**TASK STATEMENT**
From the entries below, extract every line that includes the word "онлайн".

------ PROVIDED DATA ------

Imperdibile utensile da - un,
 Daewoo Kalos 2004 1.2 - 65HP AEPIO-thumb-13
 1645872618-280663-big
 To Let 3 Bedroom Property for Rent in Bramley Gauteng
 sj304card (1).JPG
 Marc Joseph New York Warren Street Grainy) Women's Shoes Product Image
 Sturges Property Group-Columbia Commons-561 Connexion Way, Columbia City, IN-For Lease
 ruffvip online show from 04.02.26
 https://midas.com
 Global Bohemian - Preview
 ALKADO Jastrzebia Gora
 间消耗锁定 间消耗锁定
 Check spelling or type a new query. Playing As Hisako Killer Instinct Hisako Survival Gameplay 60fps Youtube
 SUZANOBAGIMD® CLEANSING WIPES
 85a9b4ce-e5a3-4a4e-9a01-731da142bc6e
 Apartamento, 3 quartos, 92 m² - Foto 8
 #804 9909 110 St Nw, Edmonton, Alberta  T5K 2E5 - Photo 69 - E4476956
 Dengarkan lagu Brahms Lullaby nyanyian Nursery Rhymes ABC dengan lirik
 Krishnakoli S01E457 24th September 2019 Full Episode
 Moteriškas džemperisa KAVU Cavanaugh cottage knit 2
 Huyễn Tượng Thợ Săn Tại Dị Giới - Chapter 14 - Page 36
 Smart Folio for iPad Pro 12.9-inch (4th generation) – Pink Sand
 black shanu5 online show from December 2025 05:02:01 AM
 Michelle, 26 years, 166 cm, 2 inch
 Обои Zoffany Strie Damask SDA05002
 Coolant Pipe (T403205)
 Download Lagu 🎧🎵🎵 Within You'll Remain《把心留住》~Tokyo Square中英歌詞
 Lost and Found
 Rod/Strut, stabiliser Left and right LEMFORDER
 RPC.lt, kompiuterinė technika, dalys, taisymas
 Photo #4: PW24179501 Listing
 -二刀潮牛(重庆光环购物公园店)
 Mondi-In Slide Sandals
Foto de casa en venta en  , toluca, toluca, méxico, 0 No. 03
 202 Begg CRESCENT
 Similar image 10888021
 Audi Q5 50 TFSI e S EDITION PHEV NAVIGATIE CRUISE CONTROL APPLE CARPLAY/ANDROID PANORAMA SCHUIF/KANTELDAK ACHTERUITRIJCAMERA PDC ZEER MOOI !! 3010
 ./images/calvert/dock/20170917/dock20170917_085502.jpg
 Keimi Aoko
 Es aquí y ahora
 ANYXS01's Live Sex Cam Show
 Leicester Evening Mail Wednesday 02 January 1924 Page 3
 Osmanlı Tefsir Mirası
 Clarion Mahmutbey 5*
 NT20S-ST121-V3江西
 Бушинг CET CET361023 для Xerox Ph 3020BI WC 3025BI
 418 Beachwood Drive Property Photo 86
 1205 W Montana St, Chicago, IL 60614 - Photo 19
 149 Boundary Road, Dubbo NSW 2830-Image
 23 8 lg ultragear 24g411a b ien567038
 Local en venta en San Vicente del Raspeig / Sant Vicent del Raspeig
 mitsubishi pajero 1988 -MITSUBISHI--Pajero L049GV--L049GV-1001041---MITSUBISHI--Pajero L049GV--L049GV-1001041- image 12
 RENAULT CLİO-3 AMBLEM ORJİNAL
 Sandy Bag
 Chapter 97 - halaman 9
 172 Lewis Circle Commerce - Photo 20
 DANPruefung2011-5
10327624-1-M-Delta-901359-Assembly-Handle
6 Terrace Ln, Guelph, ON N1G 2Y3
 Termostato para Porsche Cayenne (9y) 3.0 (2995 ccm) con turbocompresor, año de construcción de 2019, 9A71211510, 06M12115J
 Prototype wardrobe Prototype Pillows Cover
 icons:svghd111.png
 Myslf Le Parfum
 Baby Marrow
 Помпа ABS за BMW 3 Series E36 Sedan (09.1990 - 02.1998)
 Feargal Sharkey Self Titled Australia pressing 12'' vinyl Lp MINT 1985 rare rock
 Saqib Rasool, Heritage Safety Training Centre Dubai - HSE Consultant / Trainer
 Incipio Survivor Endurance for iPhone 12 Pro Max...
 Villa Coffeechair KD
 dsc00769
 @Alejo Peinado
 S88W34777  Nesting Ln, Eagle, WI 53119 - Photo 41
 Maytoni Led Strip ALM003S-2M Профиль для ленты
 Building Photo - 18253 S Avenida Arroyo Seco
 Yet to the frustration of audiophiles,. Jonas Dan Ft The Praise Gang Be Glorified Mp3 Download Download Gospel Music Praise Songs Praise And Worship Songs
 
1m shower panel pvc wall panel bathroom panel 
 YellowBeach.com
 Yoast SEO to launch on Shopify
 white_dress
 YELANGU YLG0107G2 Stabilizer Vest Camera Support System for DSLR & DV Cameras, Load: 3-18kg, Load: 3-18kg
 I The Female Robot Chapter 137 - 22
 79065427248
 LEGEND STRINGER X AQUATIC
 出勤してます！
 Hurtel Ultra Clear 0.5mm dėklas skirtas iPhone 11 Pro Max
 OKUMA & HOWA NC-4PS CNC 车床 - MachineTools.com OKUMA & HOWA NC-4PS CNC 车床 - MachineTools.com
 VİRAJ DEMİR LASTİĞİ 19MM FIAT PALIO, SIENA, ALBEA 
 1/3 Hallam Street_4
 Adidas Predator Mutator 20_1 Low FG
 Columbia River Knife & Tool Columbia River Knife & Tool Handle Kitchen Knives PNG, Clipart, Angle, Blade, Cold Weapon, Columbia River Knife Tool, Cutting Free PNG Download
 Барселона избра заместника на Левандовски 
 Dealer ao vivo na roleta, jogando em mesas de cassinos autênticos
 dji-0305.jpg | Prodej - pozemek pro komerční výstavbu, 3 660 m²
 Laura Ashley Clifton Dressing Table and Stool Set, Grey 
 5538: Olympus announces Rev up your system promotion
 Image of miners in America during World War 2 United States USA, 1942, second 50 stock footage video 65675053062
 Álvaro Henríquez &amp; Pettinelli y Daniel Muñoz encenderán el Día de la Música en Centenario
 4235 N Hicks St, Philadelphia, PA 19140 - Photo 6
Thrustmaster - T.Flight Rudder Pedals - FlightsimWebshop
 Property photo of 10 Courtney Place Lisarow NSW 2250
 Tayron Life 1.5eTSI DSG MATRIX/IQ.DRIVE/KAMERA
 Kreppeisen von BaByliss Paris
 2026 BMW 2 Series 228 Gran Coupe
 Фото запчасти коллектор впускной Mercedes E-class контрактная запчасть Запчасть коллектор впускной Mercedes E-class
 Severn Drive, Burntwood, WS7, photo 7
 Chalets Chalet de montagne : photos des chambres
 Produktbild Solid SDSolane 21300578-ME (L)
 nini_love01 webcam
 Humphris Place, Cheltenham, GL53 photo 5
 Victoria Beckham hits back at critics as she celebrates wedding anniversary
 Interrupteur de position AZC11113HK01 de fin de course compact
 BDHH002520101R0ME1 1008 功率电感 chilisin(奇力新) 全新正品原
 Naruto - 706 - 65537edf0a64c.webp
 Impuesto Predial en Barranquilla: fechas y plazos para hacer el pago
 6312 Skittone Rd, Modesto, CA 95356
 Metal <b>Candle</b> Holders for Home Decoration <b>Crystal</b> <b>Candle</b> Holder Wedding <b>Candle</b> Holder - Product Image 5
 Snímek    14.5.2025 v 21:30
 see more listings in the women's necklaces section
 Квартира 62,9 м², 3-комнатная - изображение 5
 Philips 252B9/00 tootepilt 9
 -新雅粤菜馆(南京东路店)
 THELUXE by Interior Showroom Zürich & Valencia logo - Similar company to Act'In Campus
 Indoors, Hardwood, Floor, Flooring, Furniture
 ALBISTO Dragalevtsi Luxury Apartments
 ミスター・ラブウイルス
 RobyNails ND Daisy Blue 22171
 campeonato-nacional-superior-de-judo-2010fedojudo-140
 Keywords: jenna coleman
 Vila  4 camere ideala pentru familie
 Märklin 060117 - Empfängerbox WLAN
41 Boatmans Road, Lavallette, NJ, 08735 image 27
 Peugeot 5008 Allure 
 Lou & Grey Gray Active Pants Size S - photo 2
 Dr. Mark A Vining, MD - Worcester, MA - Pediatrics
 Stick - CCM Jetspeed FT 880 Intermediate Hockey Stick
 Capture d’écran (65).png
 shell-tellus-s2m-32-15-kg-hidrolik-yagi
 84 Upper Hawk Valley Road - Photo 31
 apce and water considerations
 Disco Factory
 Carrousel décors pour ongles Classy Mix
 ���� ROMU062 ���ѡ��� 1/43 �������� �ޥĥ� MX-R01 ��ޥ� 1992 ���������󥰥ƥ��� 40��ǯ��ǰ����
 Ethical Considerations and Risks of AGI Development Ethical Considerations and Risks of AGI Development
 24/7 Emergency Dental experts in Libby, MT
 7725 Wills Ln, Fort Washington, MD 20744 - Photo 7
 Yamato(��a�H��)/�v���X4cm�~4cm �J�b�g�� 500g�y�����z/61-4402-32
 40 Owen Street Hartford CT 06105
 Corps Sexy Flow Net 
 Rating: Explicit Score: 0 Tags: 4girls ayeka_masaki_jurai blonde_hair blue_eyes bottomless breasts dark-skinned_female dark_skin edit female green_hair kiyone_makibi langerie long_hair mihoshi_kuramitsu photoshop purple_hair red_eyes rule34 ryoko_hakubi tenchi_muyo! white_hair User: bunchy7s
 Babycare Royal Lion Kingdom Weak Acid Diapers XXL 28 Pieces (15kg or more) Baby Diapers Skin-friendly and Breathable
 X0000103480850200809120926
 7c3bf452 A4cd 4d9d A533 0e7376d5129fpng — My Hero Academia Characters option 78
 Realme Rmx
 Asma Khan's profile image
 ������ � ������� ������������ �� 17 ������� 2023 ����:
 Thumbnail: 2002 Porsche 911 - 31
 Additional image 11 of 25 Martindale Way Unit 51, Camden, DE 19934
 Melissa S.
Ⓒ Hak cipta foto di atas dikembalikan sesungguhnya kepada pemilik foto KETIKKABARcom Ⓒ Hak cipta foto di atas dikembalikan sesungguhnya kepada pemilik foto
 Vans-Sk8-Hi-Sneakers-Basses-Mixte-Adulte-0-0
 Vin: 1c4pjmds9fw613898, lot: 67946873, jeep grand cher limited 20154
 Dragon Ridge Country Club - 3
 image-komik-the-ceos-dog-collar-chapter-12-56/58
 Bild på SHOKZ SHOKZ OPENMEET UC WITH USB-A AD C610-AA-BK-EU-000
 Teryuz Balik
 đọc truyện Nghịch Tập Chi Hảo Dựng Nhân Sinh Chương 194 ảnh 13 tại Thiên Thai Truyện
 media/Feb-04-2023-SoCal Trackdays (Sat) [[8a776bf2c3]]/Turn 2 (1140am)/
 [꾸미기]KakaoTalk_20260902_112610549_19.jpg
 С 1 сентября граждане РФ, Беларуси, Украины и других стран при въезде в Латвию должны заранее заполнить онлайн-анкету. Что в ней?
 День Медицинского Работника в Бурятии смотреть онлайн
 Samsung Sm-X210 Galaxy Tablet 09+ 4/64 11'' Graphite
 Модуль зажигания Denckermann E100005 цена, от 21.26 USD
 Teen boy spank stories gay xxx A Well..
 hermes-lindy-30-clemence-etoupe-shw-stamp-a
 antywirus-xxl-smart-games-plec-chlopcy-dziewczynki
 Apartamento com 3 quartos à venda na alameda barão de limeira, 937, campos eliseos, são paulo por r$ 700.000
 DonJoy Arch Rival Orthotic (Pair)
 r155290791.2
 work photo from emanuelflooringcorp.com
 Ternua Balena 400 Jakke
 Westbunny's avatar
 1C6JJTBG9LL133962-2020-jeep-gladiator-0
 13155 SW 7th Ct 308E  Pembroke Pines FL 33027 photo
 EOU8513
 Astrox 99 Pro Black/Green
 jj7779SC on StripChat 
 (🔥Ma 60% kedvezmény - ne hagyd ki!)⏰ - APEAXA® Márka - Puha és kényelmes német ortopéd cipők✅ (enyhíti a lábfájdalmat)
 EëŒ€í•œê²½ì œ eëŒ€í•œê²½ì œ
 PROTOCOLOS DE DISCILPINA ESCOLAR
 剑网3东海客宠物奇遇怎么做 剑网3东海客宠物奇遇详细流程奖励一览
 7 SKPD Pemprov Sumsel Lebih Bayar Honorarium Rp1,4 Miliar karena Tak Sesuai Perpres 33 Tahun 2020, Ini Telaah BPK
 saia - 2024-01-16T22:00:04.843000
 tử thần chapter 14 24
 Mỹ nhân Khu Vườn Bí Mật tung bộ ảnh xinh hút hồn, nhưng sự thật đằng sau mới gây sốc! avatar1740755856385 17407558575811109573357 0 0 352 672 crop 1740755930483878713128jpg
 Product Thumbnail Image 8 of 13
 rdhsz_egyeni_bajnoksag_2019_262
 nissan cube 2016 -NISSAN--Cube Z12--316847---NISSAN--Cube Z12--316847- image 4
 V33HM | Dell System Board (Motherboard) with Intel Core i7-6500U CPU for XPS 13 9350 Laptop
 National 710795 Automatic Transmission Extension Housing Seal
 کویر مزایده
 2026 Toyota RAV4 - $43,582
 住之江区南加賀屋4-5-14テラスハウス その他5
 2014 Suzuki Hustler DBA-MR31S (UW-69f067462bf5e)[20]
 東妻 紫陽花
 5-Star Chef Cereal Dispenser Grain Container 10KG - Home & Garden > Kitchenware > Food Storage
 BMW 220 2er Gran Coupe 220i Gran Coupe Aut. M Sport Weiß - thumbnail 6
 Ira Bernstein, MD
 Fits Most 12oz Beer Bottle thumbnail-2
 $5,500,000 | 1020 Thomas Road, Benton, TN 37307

------

**EXERCISE RESPONSE**
 С 1 сентября граждане РФ, Беларуси, Украины и других стран при въезде в Латвию должны заранее заполнить онлайн-анкету. Что в ней?
 День Медицинского Работника в Бурятии смотреть онлайн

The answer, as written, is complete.